§ Exercise aim
Leaving out the pictures, write the following records exactly as they read.

§ Records for this exercise
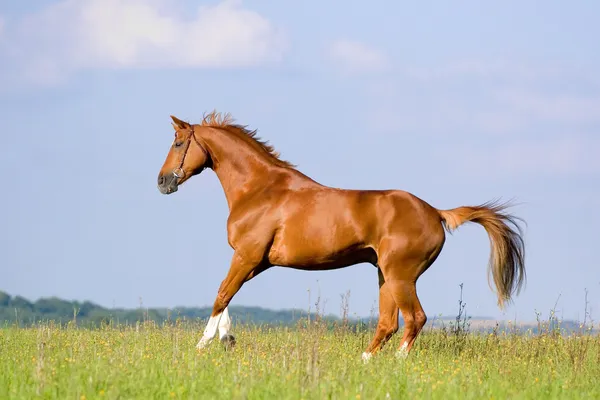 フィールドに栗のババリア地方の馬 — ストック写真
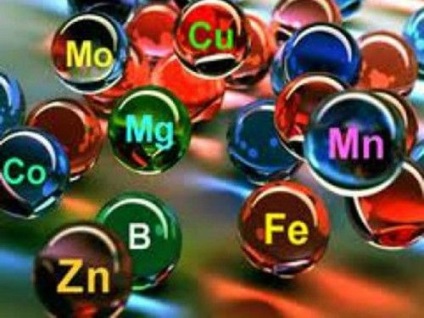 Mineraliști-controlori ai proceselor metabolice, competenți în domeniul sănătății asupra ilivei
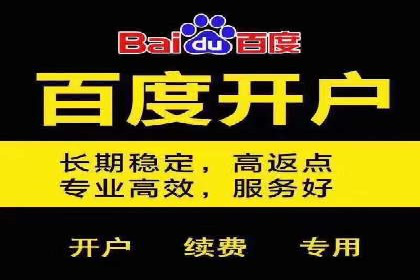 百度竞价代理的投放策略及某行业成功案例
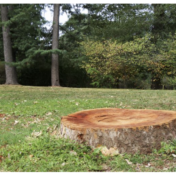 Cost of Stump Removal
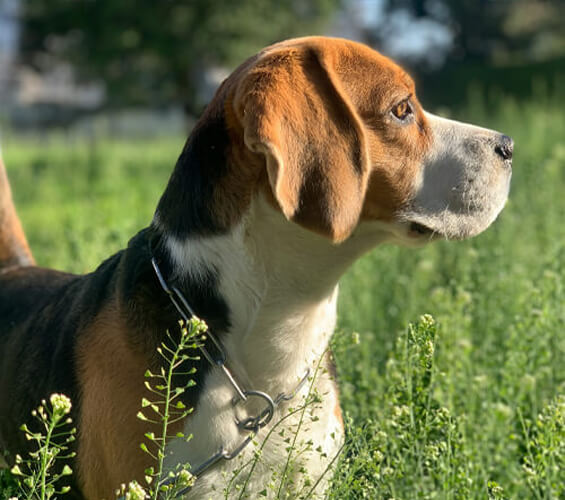 A beagle with a brown and white coat stands in a grassy field, wearing a collar, looking intently to the right, embodying the gentle spirit often associated with compassionate education.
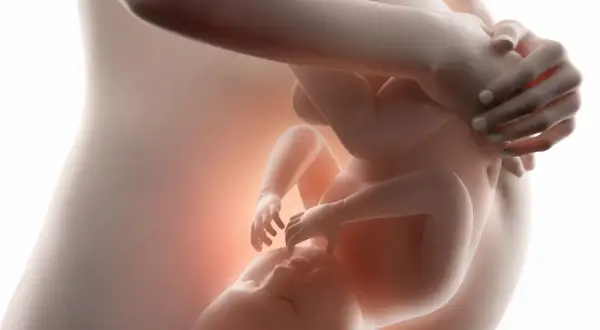 Dziecko w łonie matki, przygotowujące się do pierwszego oddechu. Delikatne ruchy, jak dziecko oddycha w brzuchu, czuć przez skórę.
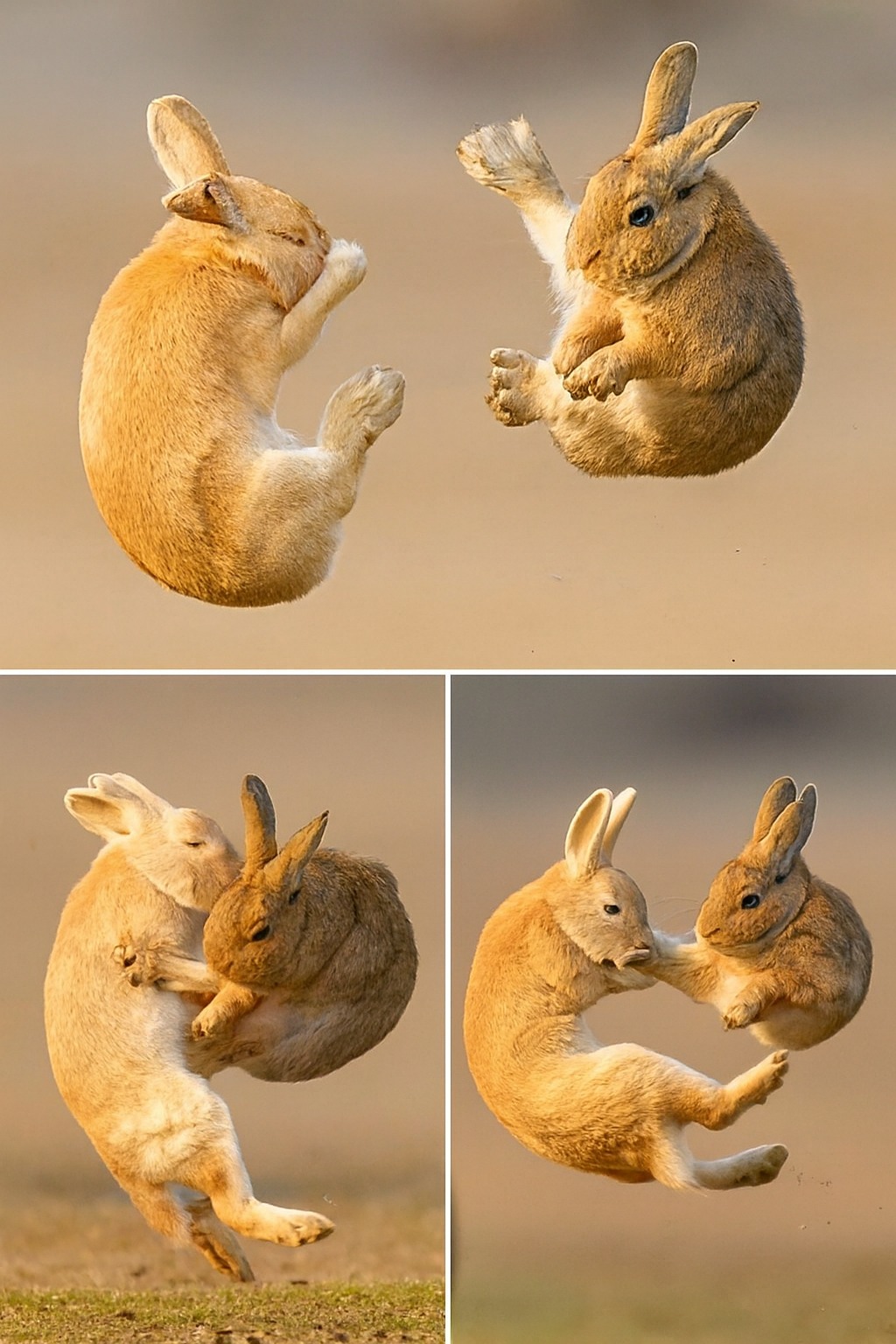 Broken Soul - This is the RABBIT FIGHT - And Those Kicks... | Facebook
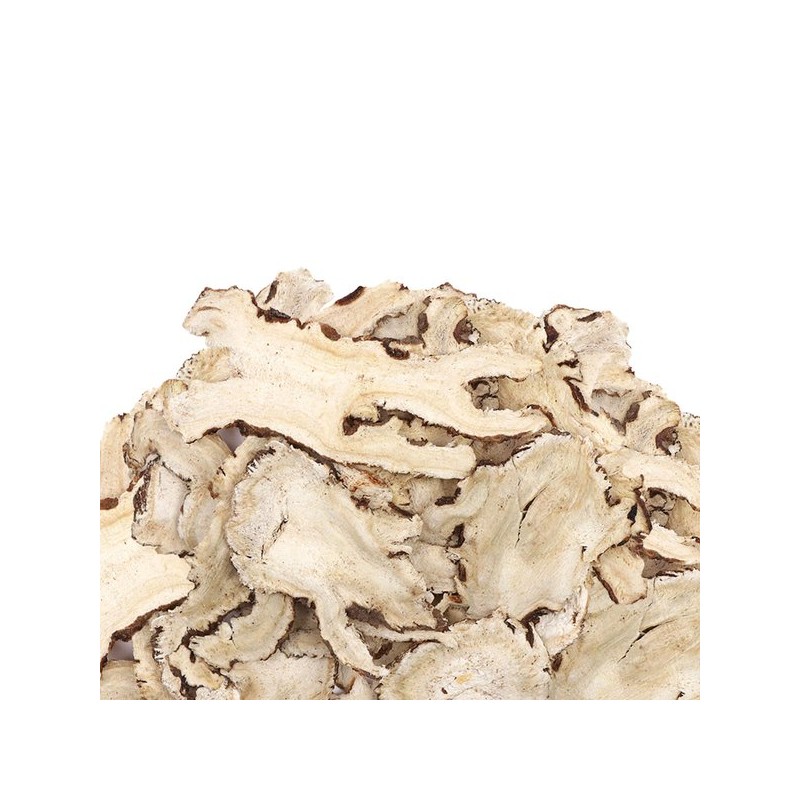 Donguihanjae 동의한재 특품 국산 당귀신 당귀몸통 공진단재료 300g Donguihanjae Special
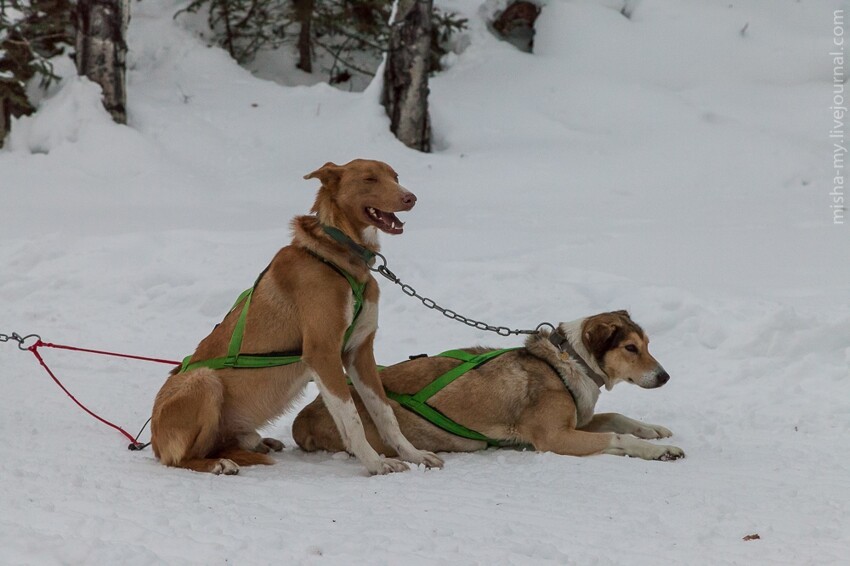 Катание на ездовых собаках в Колорадо 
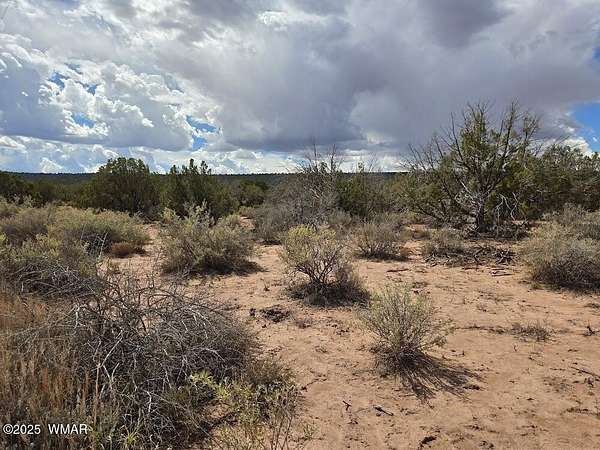 1.17 Acres of Residential Land for Sale in Snowflake, Arizona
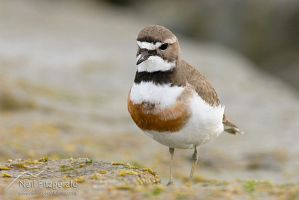 Banded dotterel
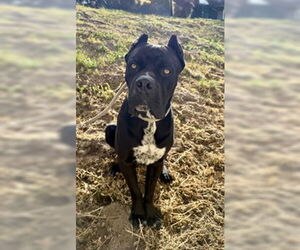 Mutt Dogs for adoption in Salinas, CA, USA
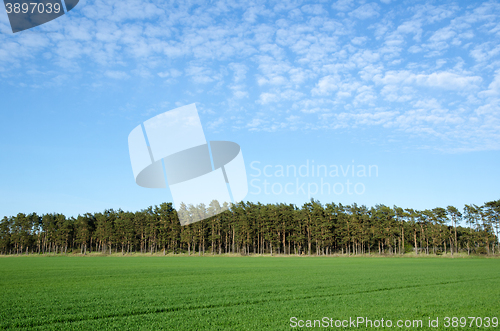 Image of Green rural view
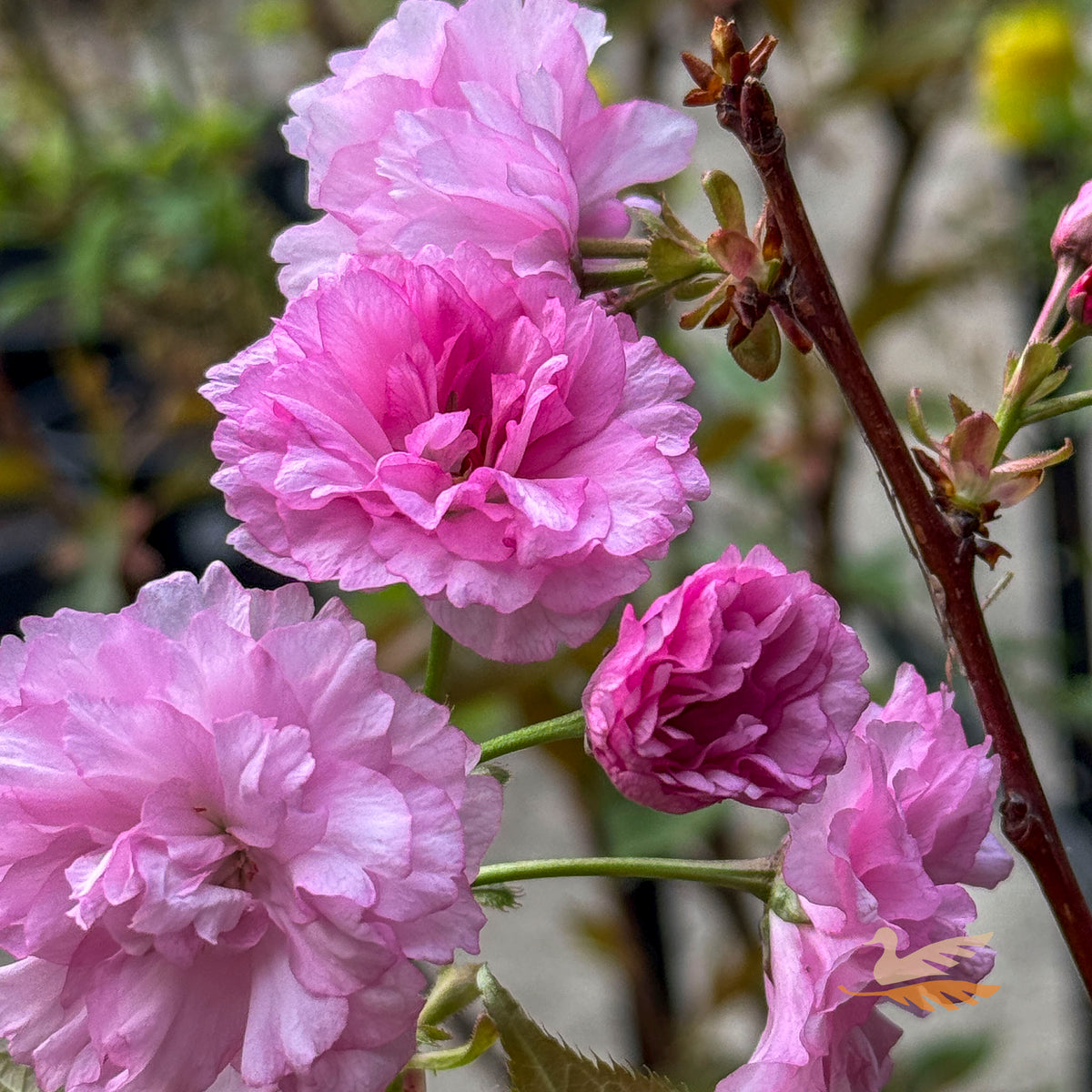 Cherry Flowering Kanzan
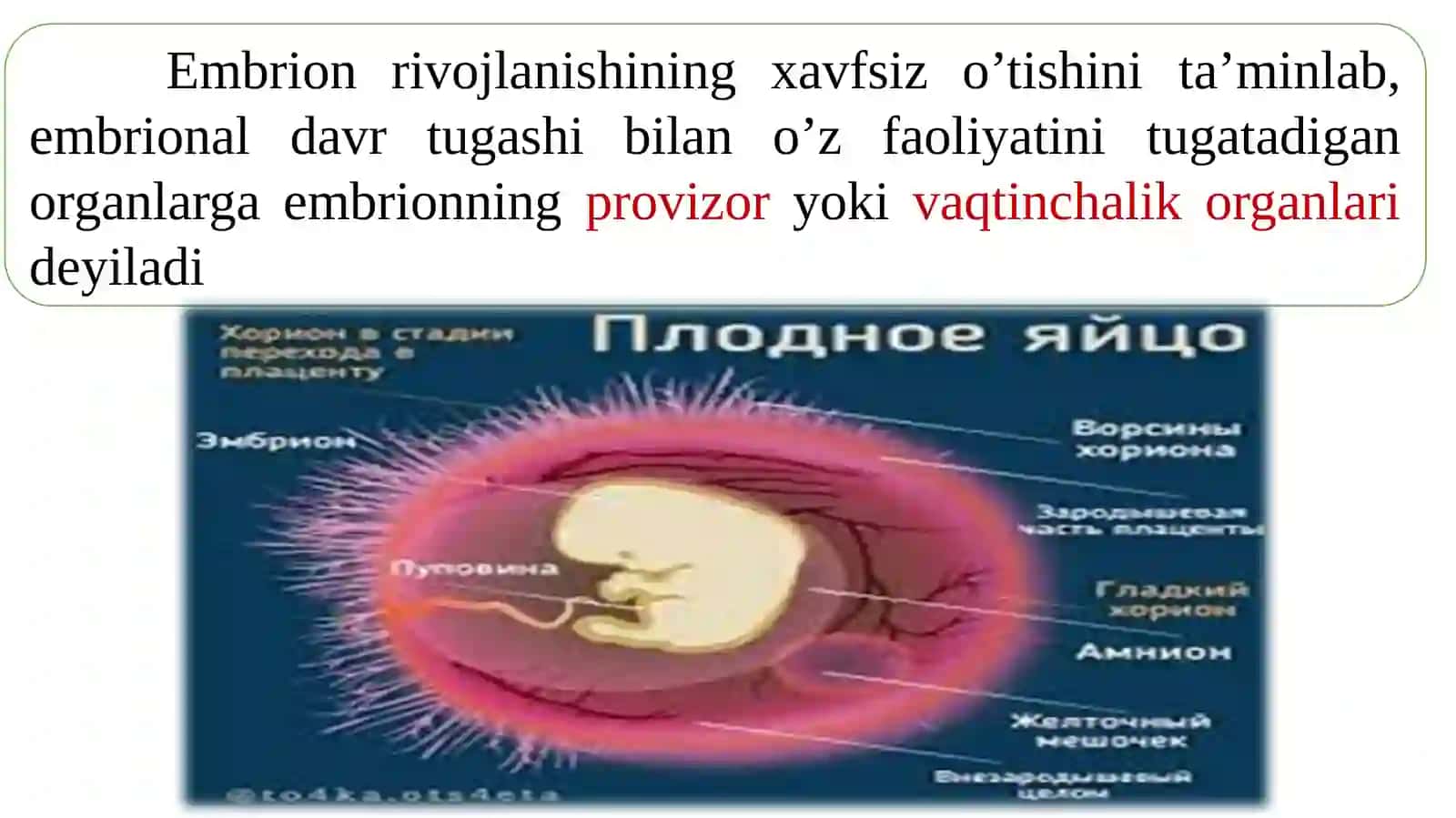 Provizora' zolarning shakllanishi 2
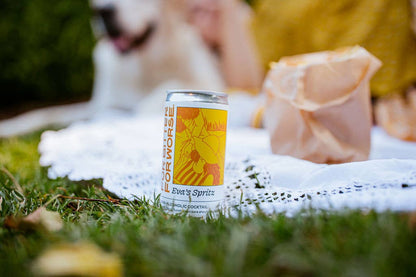 For Bitter For Worse - Eva's spritz cans nonalcoholic cocktail mocktail Dry January
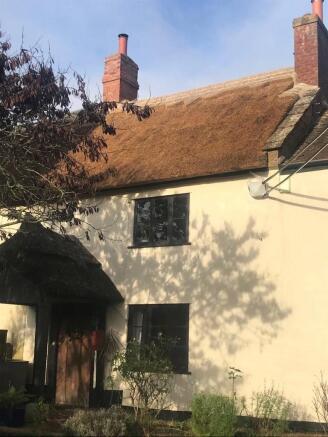 New Thatch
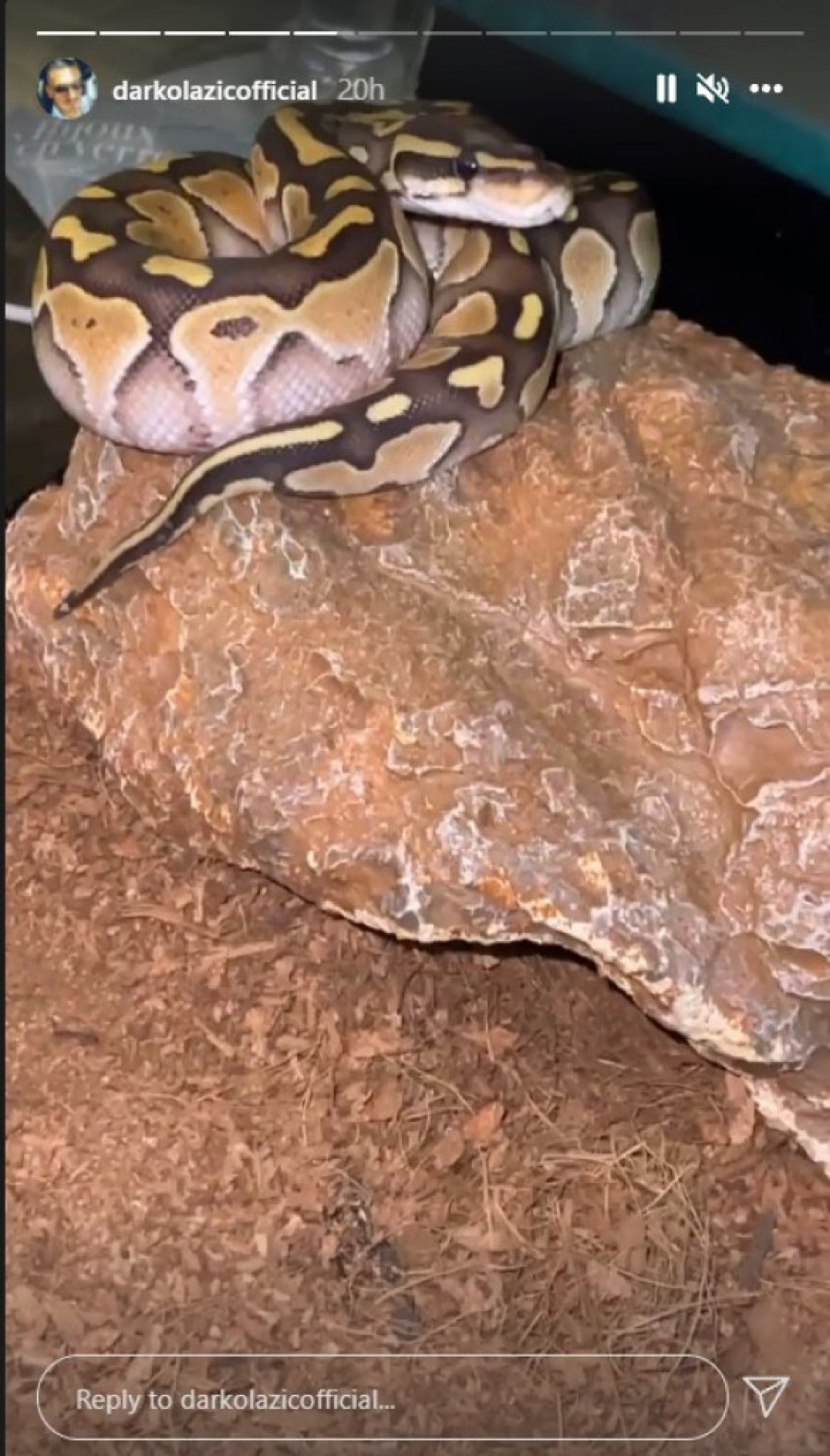 Od ovog prizora su se mnogi sledili! Darko Lazić pokazao da baš voli zmije, mazi je bez ikakvog straha (FOTO)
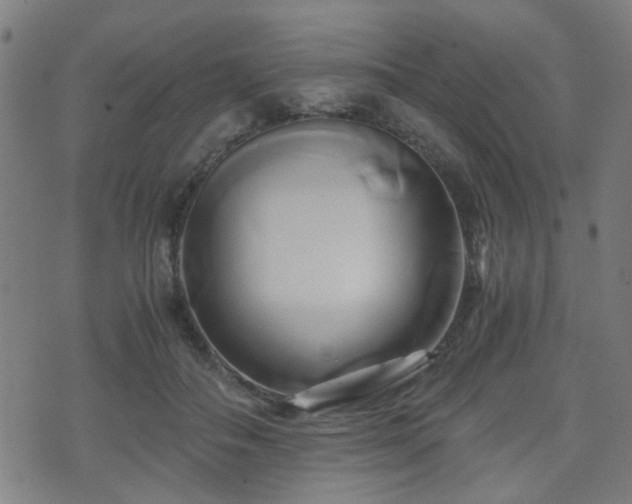 X0000071380506200606261417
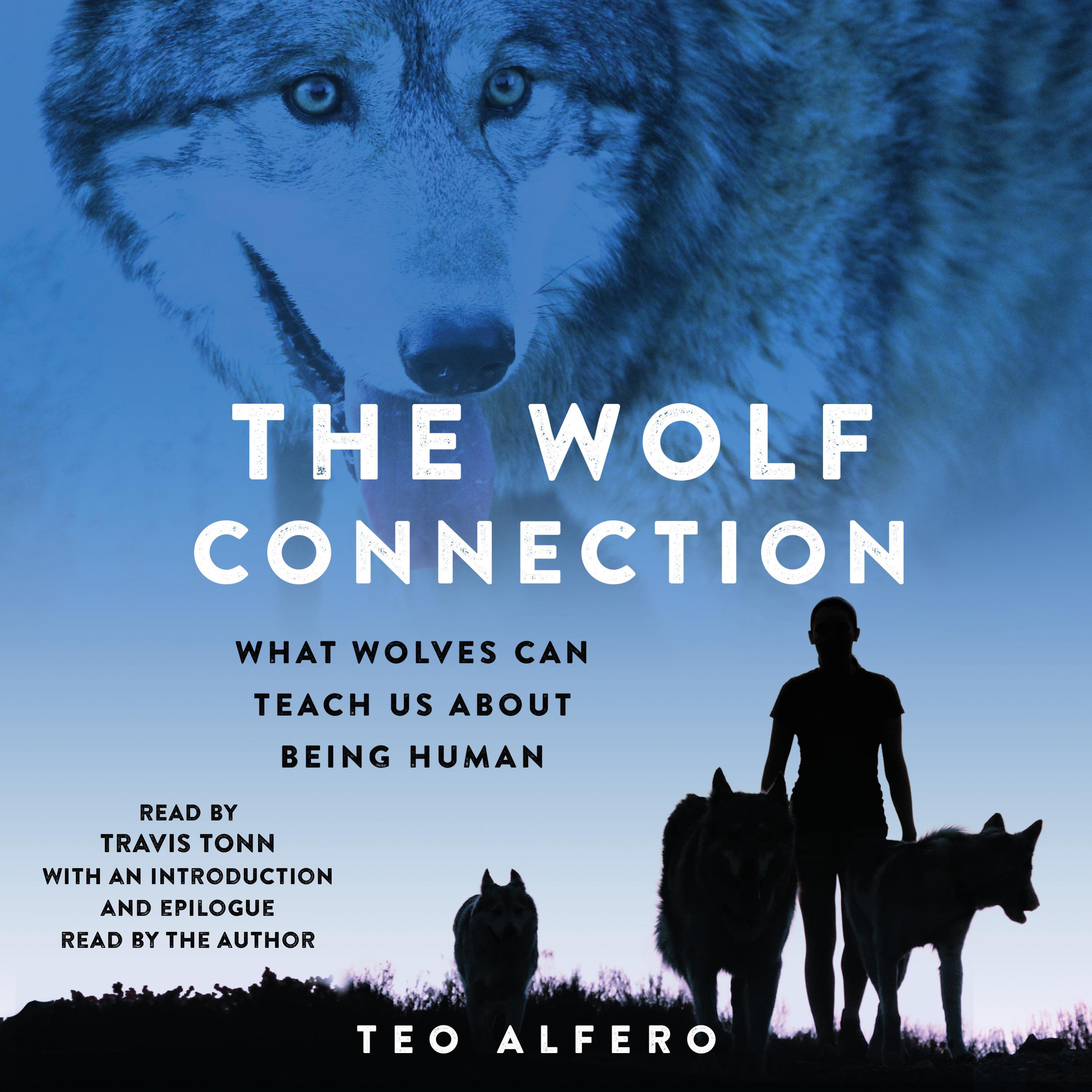 The Wolf Connection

§ Answer space
 フィールドに栗のババリア地方の馬 — ストック写真
 Mineraliști-controlori ai proceselor metabolice, competenți în domeniul sănătății asupra ilivei
 百度竞价代理的投放策略及某行业成功案例
 Cost of Stump Removal
 A beagle with a brown and white coat stands in a grassy field, wearing a collar, looking intently to the right, embodying the gentle spirit often associated with compassionate education.
 Dziecko w łonie matki, przygotowujące się do pierwszego oddechu. Delikatne ruchy, jak dziecko oddycha w brzuchu, czuć przez skórę.
 Broken Soul - This is the RABBIT FIGHT - And Those Kicks... | Facebook
 Donguihanjae 동의한재 특품 국산 당귀신 당귀몸통 공진단재료 300g Donguihanjae Special
 Катание на ездовых собаках в Колорадо 
 1.17 Acres of Residential Land for Sale in Snowflake, Arizona
 Banded dotterel
 Mutt Dogs for adoption in Salinas, CA, USA
 Image of Green rural view
 Cherry Flowering Kanzan
 Provizora' zolarning shakllanishi 2
 For Bitter For Worse - Eva's spritz cans nonalcoholic cocktail mocktail Dry January
 New Thatch
 Od ovog prizora su se mnogi sledili! Darko Lazić pokazao da baš voli zmije, mazi je bez ikakvog straha (FOTO)
 X0000071380506200606261417
 The Wolf Connection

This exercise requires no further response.